With an amortizing loan every payment reduces the balance, so the loan is paid off by the final payment. With an interest-only loan the borrower pays only the interest each period and owes the full original principal as a lump sum at the end. Interest-only periods are common on some mortgages and many commercial loans. They keep monthly payments low in the short term but leave the entire principal outstanding until the end, which is why total interest costs over the life of the loan are higher.

Every dollar of extra payment that goes to the principal reduces the balance immediately. Because future interest is calculated on that lower balance, every subsequent payment has a smaller interest charge and a larger principal reduction. The result is that the loan pays off faster and you pay less total interest. Even modest extra payments made early in the loan have an outsized effect because the balance is still large and you eliminate interest charges that would have compounded for years. Use a loan calculator to model exactly how much a specific extra payment saves you.

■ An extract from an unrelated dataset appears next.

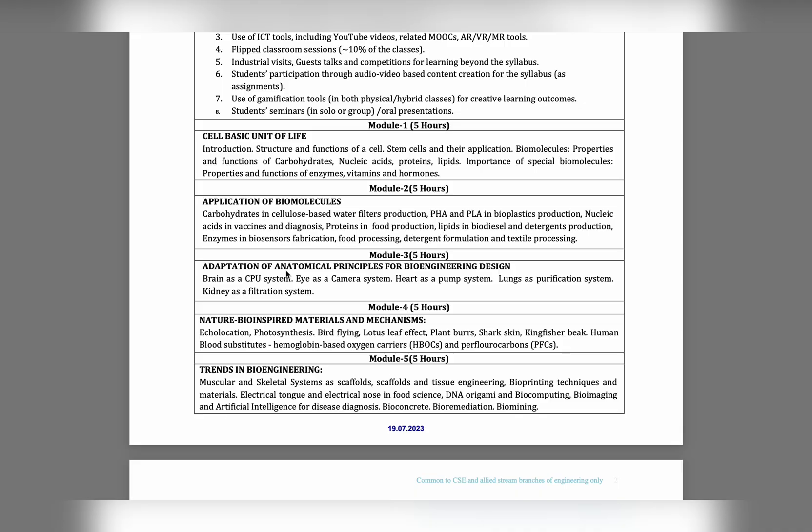Module 5 is also application, Module 4 is also application, Module 3 is also application, Module 2 is also application. Module 1 only is basic theory and all are application only. All are too simple and easy. You can easily score well.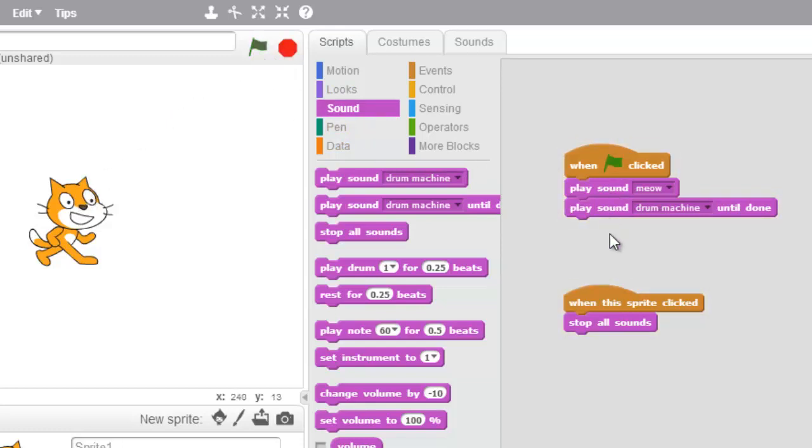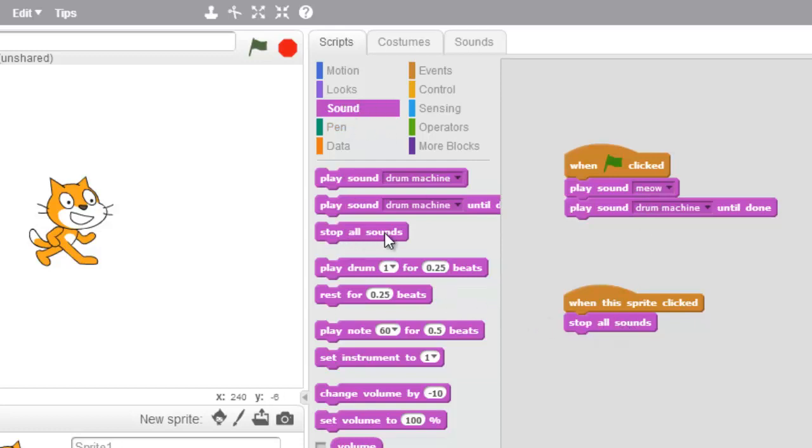It'll stop all the sounds that are playing. However, if that sound is in a loop, it will not stop it playing. But this is the stop all sounds block. It's under sounds and it's located right here.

A balloon loan has regular payments that do not fully pay off the balance over the scheduled term. At the end of the term a large final payment, called the balloon payment, is due for the remaining balance. Some balloon loans have interest-only payments during the term; others have partial-amortization payments that reduce the balance somewhat but not fully. The appeal is lower regular payments, but the risk is that you must refinance, sell the asset, or come up with a large lump sum when the balloon comes due.